### Task goal
Transcribe the listing exactly, skipping every picture.

### Collected material
:::

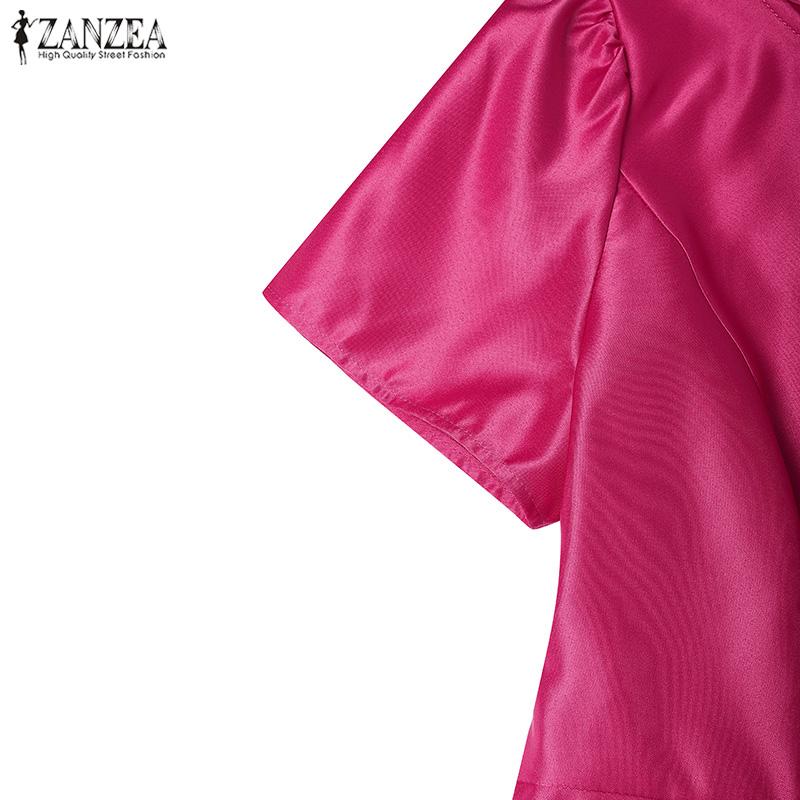 ZANZEA Women Casual Round Neck Summer Short Sleeve Satin Dress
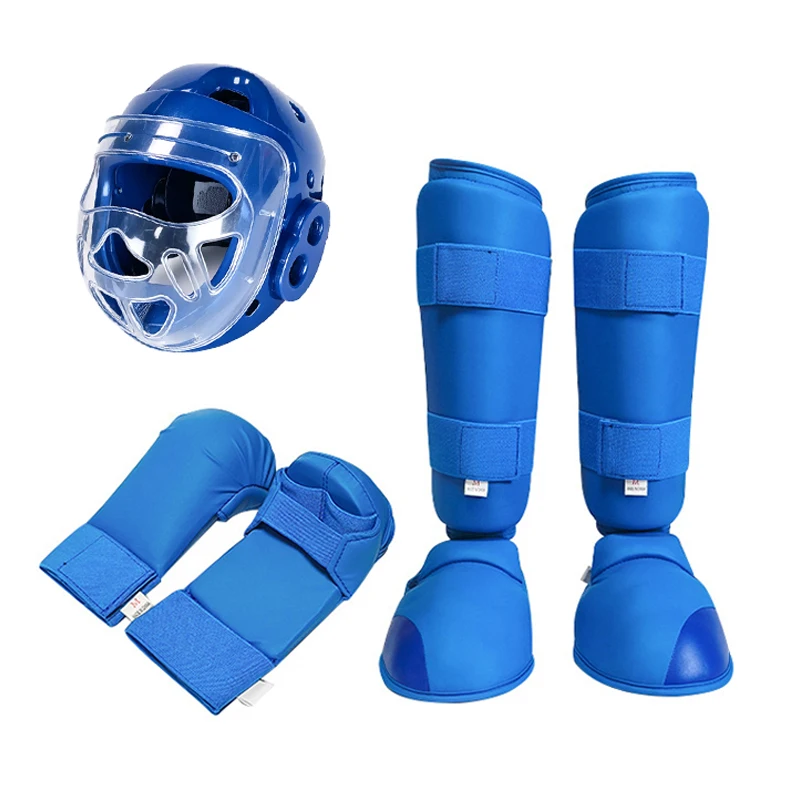 Taekwondo Karate Gloves Shin Guards Helmet Head Hand Leg Foot Protector Set Kickboxing Training Sparring Gear for Kids Adults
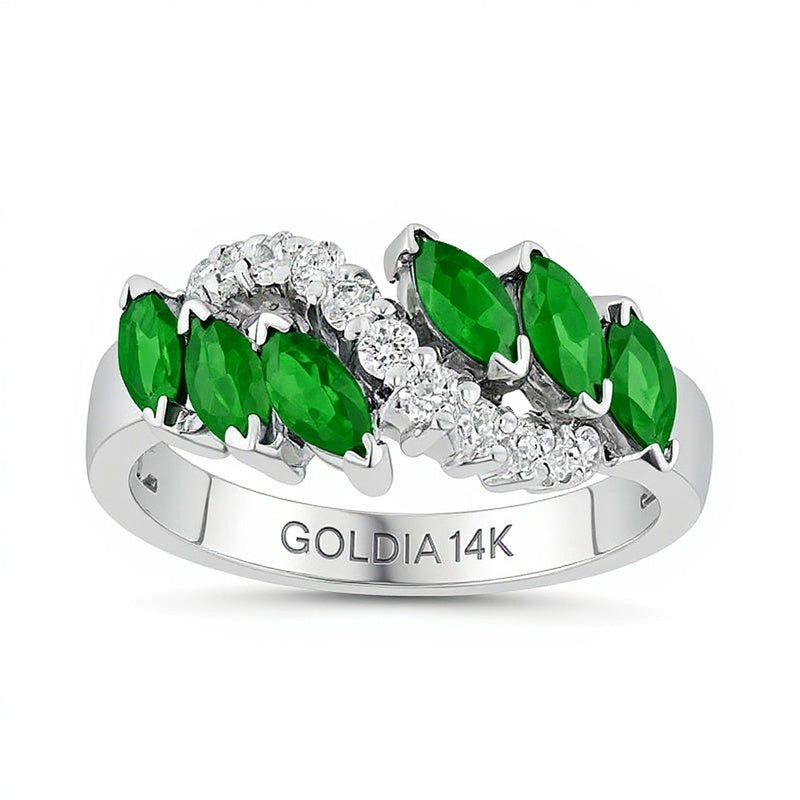 Fashion-Ring mit Smaragd im Marquise-Schliff und 0,25 ct. Gesamtgewicht Diamanten in 14K Weißgold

:::

### Response for this exercise
 ZANZEA Women Casual Round Neck Summer Short Sleeve Satin Dress
 Taekwondo Karate Gloves Shin Guards Helmet Head Hand Leg Foot Protector Set Kickboxing Training Sparring Gear for Kids Adults
 Fashion-Ring mit Smaragd im Marquise-Schliff und 0,25 ct. Gesamtgewicht Diamanten in 14K Weißgold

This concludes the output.